▸ Instructions to follow
What you return must be the full data, repeated verbatim, with no pictures in it.

▸ Short web captions
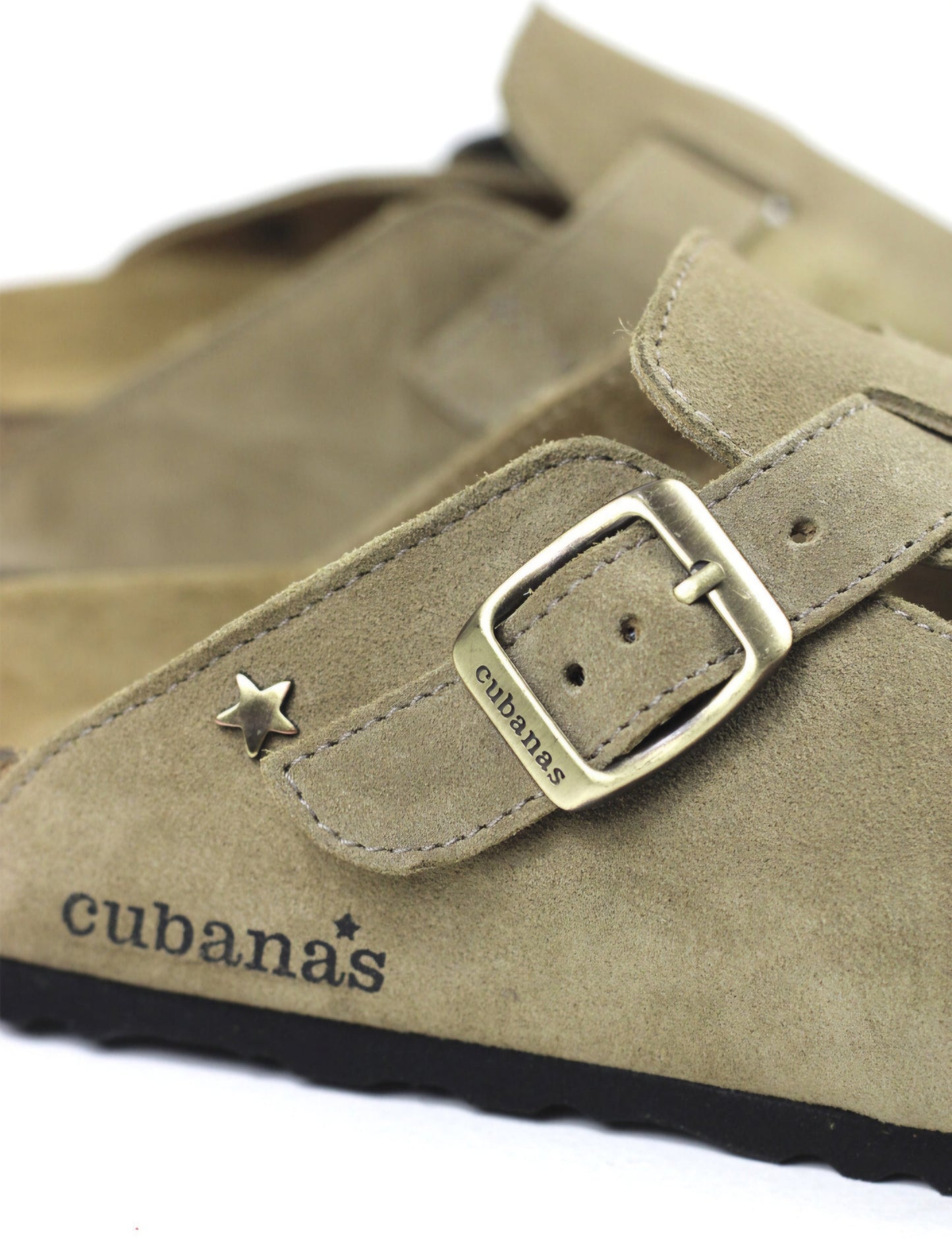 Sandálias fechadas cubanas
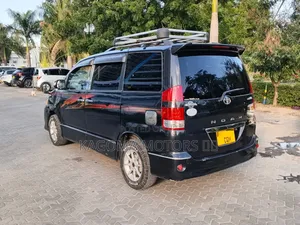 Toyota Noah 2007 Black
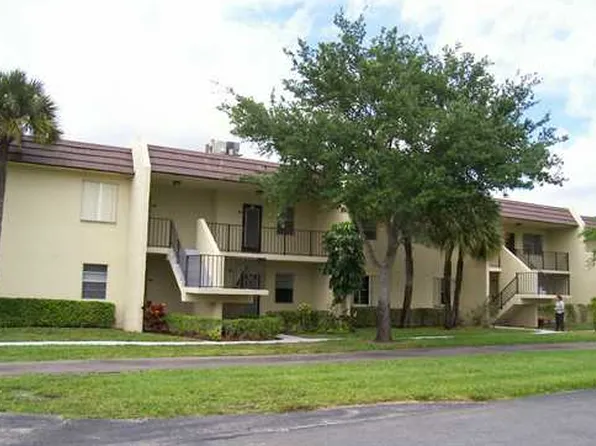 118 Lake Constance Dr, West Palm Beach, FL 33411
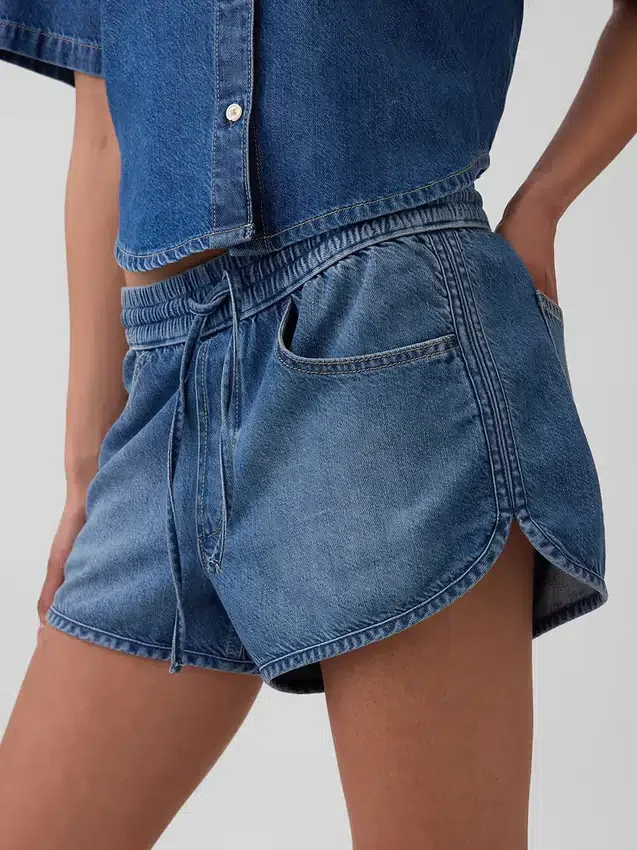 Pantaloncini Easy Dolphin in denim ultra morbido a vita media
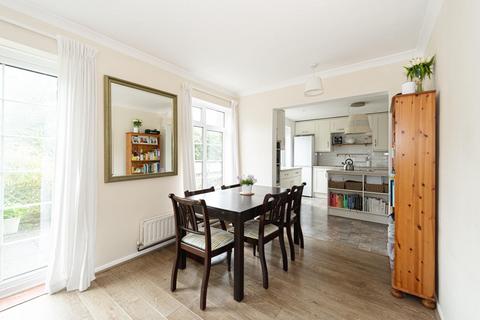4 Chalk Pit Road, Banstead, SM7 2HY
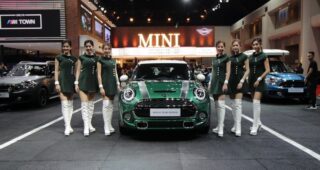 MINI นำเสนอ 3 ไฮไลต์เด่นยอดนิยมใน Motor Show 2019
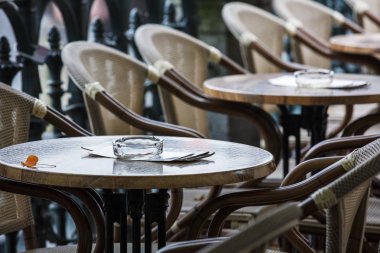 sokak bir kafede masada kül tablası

▸ Solution for this problem
 Sandálias fechadas cubanas
 Toyota Noah 2007 Black
 118 Lake Constance Dr, West Palm Beach, FL 33411
 Pantaloncini Easy Dolphin in denim ultra morbido a vita media
4 Chalk Pit Road, Banstead, SM7 2HY
 MINI นำเสนอ 3 ไฮไลต์เด่นยอดนิยมใน Motor Show 2019
 sokak bir kafede masada kül tablası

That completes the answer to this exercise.